The reply should hold every line of the listing exactly, and none of its images.

## Provided records
⟨
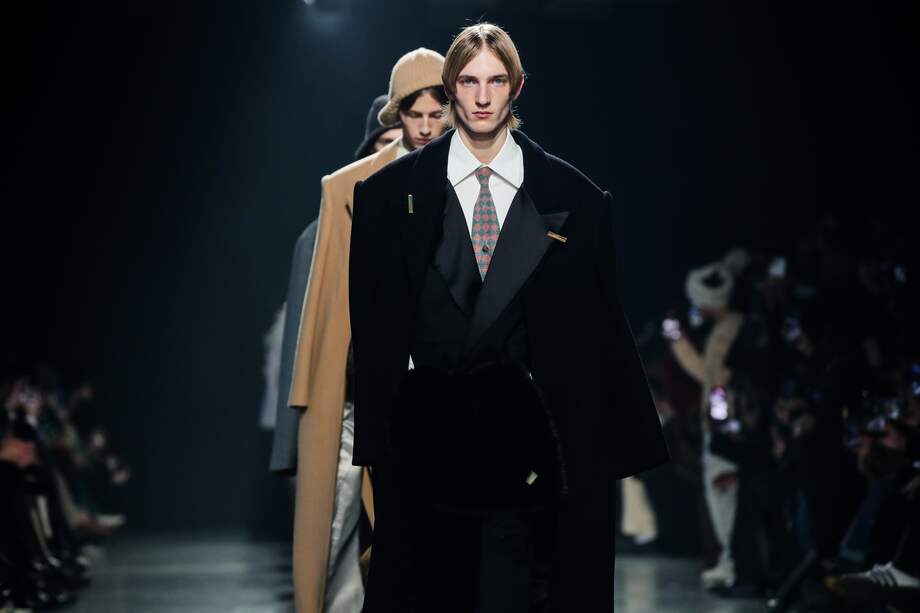 Una creación de la colección Fall/Winter 2024/2025 de Sean Suen. EFE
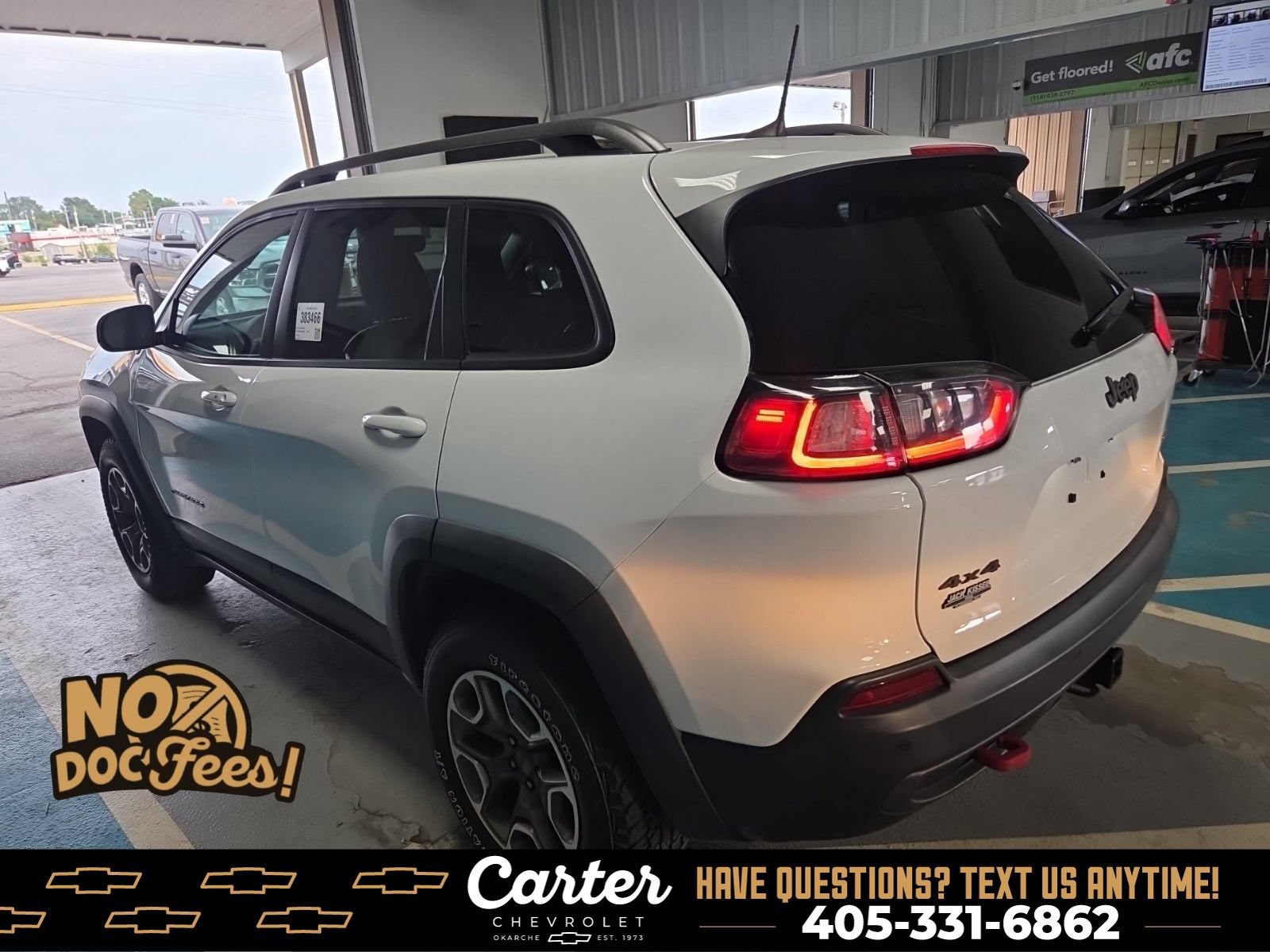 Used 2020 Jeep Cherokee Trailhawk AWD/4WD image 4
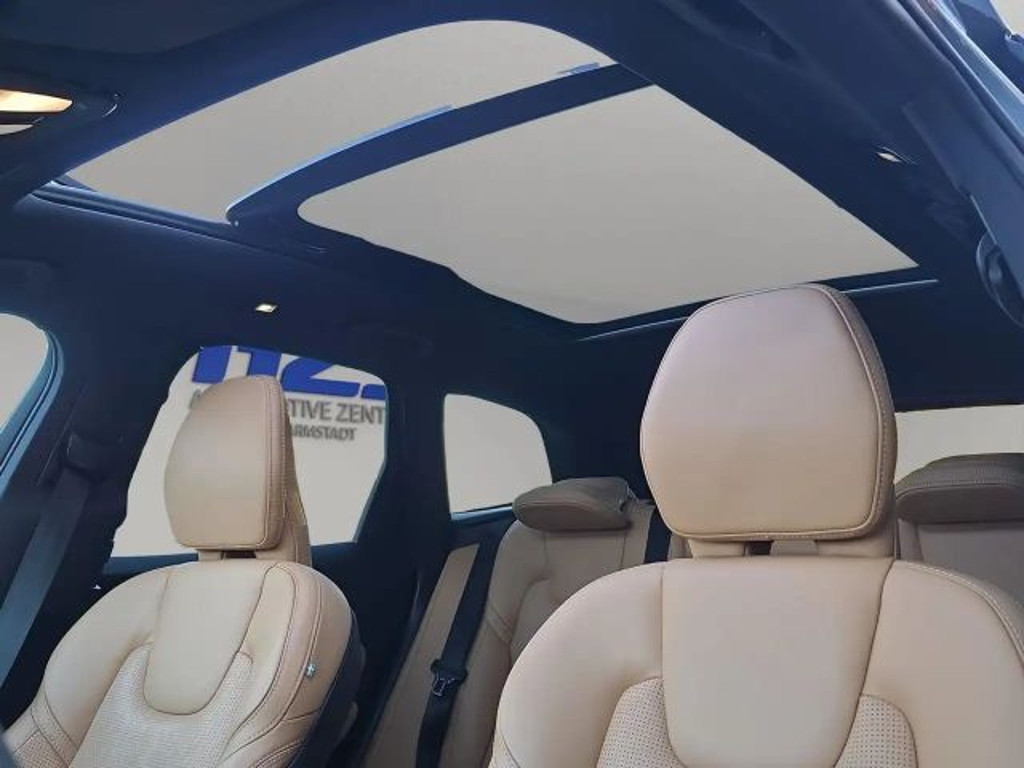 Volvo XC60 AWD Plus Dark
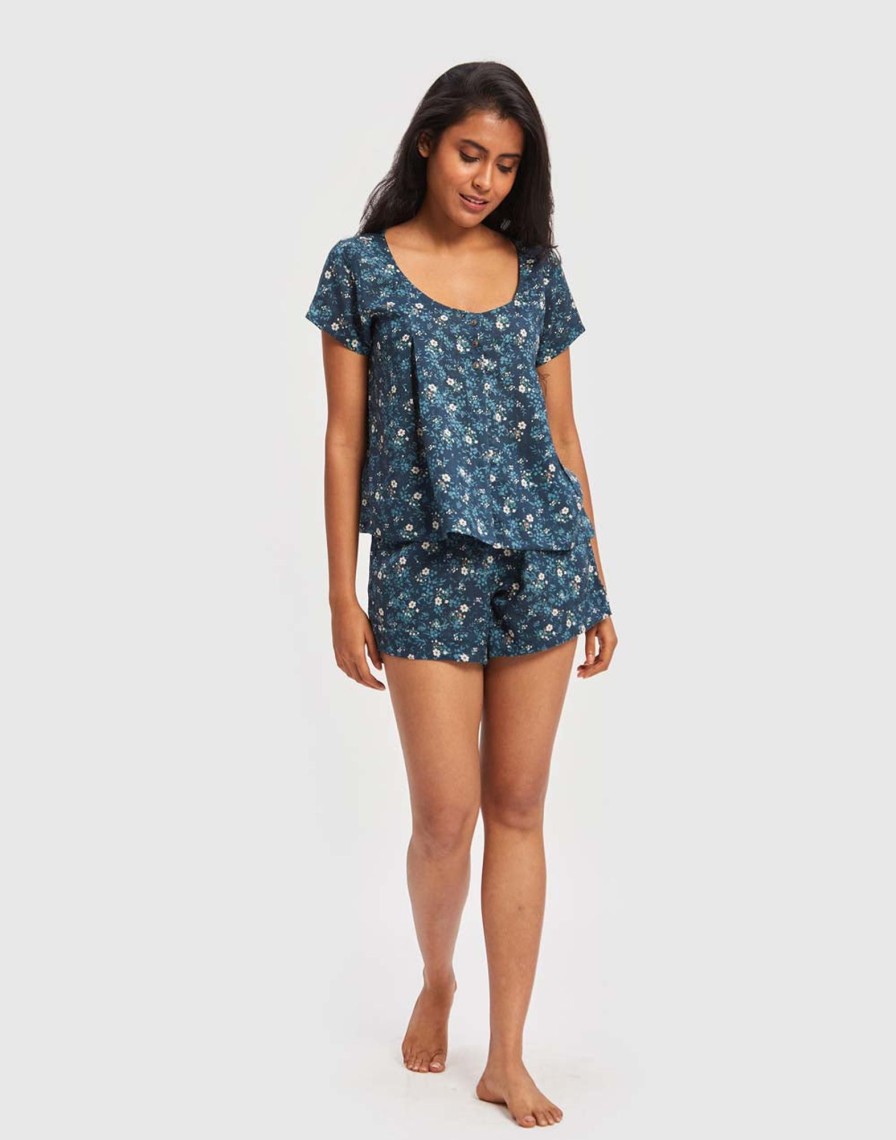 Reistor Pajamas | A Dreamy Escape Pajama Shorts Set Dreamy-Escape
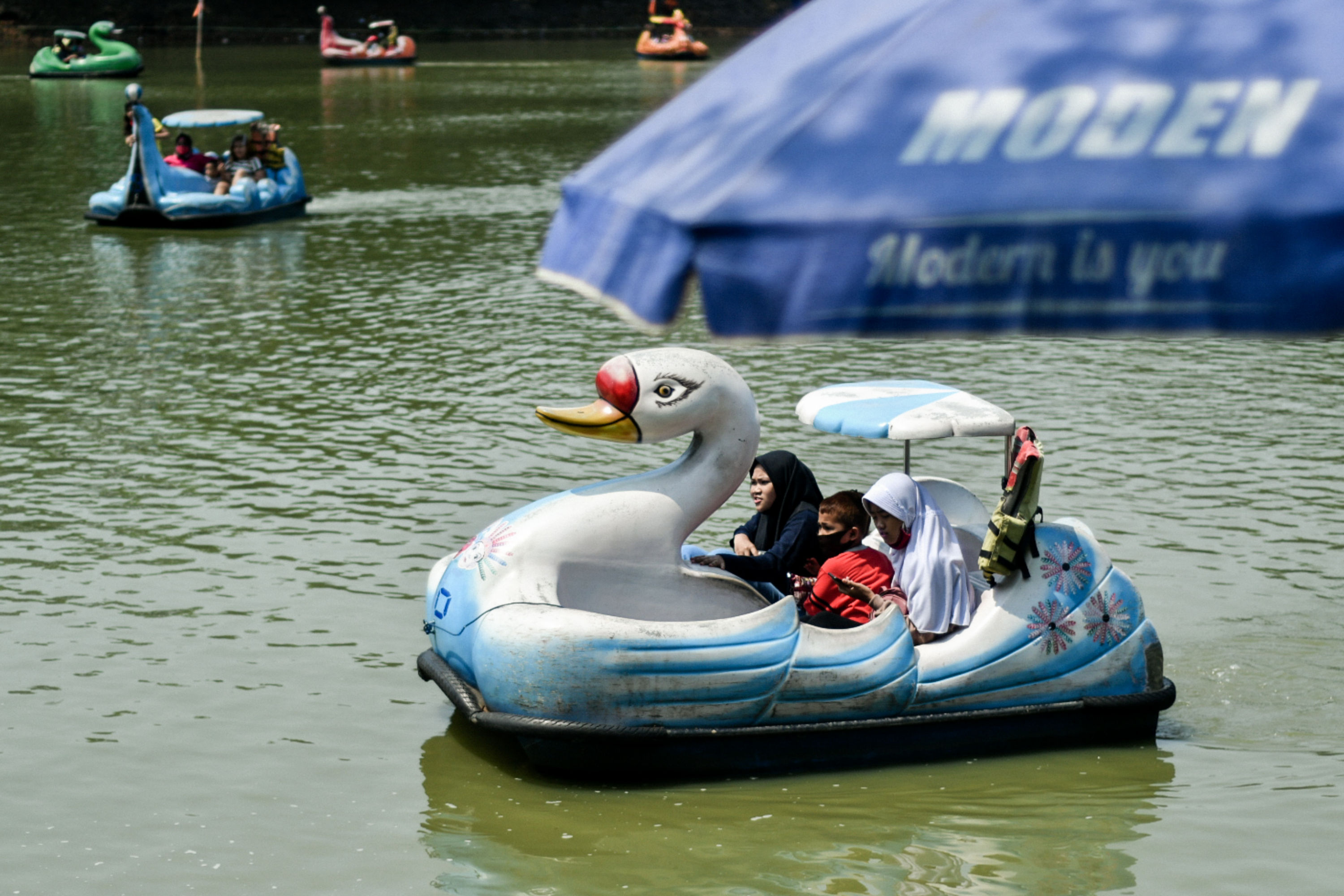 Wisata Air Setu Babakan Jelang PSBB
⟩
## Reply
 Una creación de la colección Fall/Winter 2024/2025 de Sean Suen. EFE
 Used 2020 Jeep Cherokee Trailhawk AWD/4WD image 4
 Volvo XC60 AWD Plus Dark
 Reistor Pajamas | A Dreamy Escape Pajama Shorts Set Dreamy-Escape
 Wisata Air Setu Babakan Jelang PSBB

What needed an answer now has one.